Il s’appuyait sur un livre puis sur un autre et traçait sa voie par écrit, de texte en texte. Un personnage atypique, nullement excentrique cependant. On pourrait dire qu’il entretenait avec le monde et, au coeur de ce monde, avec ses proches et lui-même, des rapports particuliers. Moins attaché aux choses que la majorité des gens, il était particulièrement insoucieux du paraître. On ne le distinguait pas dans la foule, sauf que la foule, justement, il l’évitait autant que possible. Il planait un peu, préférait le rêve à la réalité, les mots aux choses. Il n’appartenait pas à la catégorie des gens utiles ; eût-il émis des prétentions matérielle, ce dont il n’éprouvait guère le besoin, on l’aurait traité de parasite.
Lui-même avait conscience de cette particularité, qu’il n’avait pas vraiment cherchée et qu’il ne cultivait pas. C’était ainsi, nulle raison de chercher plus loin. Depuis son adolescence, il avait pris ce chemin sinueux et ombragé et il ne l’avait plus quitté. Il passait l’essentiel de son temps à se poser des questions et plus il s’en posait, plus les réponses se dérobaient à lui, plus il s’enfonçait dans l’incertitude, mais plus il était convaincu d’avoir raison de persévérer.

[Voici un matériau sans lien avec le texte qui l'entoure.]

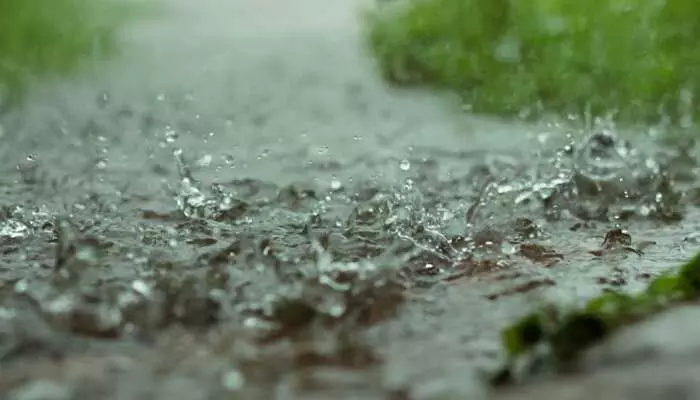 Rain Alert : కొనసాగుతున్న వాయుగుండం.. రాష్ట్రంలో ఆ జిల్లాల్లో అతి భారీ వర్షాలు Rain Alert : కొనసాగుతున్న వాయుగుండం.. రాష్ట్రంలో ఆ జిల్లాల్లో అతి భారీ వర్షాలు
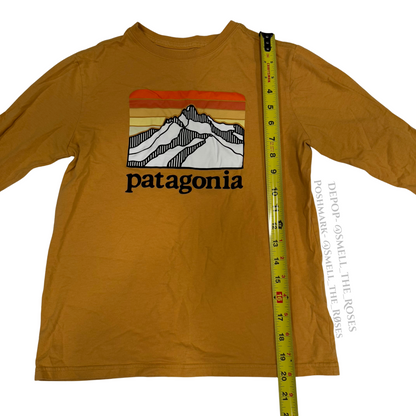 Patagonia Long Sleeve Graphic Logo Tee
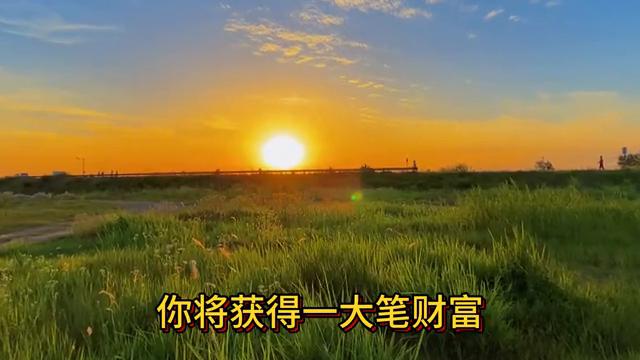 2025香港开奖记录,揭秘香港彩票开奖记录，探寻未来的幸运之门（关键词，香港开奖记录）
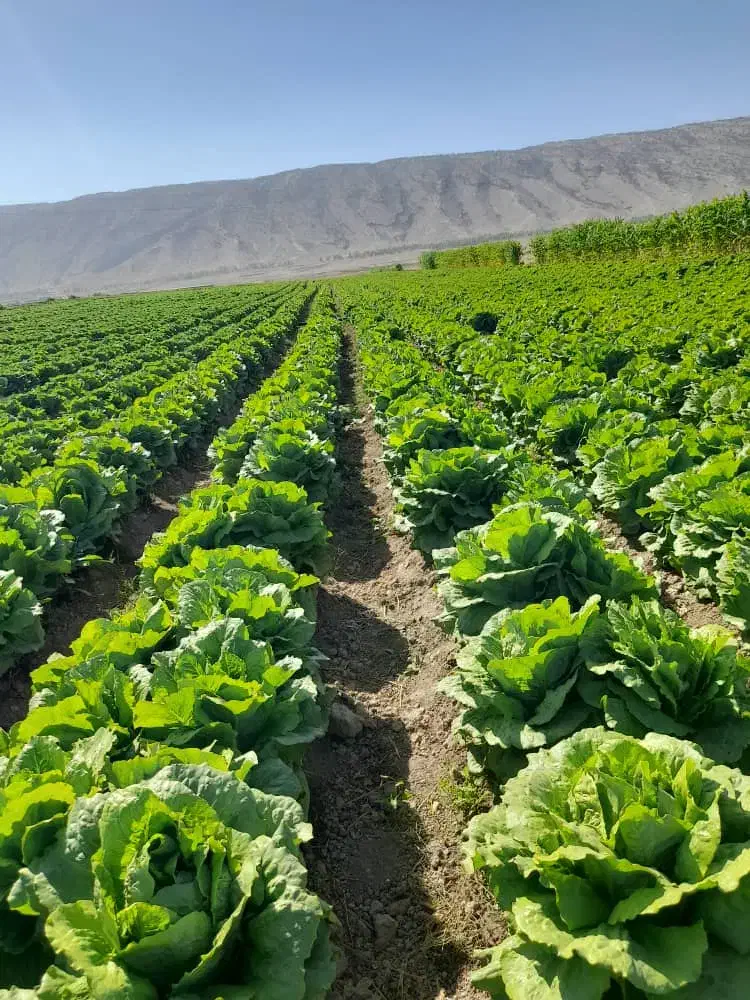 کاهو|خوردنی و آشامیدنی|رومشکان, |دیوار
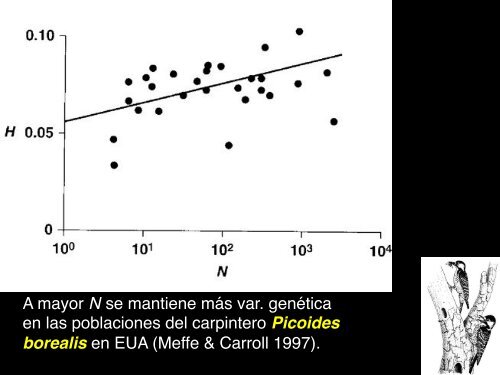 4VariacionEvolucion2b copy.pdf - Instituto de Ecología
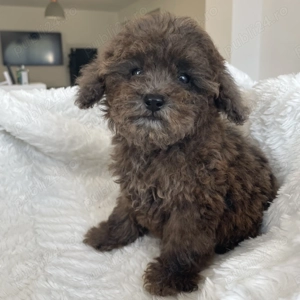 Pudel Caniche Barboncino Poodle Maro Ciocolată Merle Talie mică  - imagine 4 Pudel Caniche Barboncino Poodle Maro Ciocolată Merle Talie mică  - imagine 4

On lui avait dit une fois : au fond, vous n’êtes qu’un intellectuel. Vous usez vos yeux sur les livres comme un professeur et vous noircissez du papier comme un écrivain, bien que vous ne soyez ni l’un ni l’autre. C’est la pensée qui vous intéresse, alors que, pour pour les « vrais gens », c’est l’action qui compte. Vous flottez dans l’abstraction, nous vivons dans le concret. Vous passez à côté de la vraie vie, nous on est en plein dedans. Vous vous croyez intelligent, mais vous n’êtes qu’un imbécile heureux. Vous avez une vie minable, vous n’êtes ni riche ni célèbre, vous n’êtes qu’un raté.

Peut-être bien, se disait-il, et il retournait à ses livres.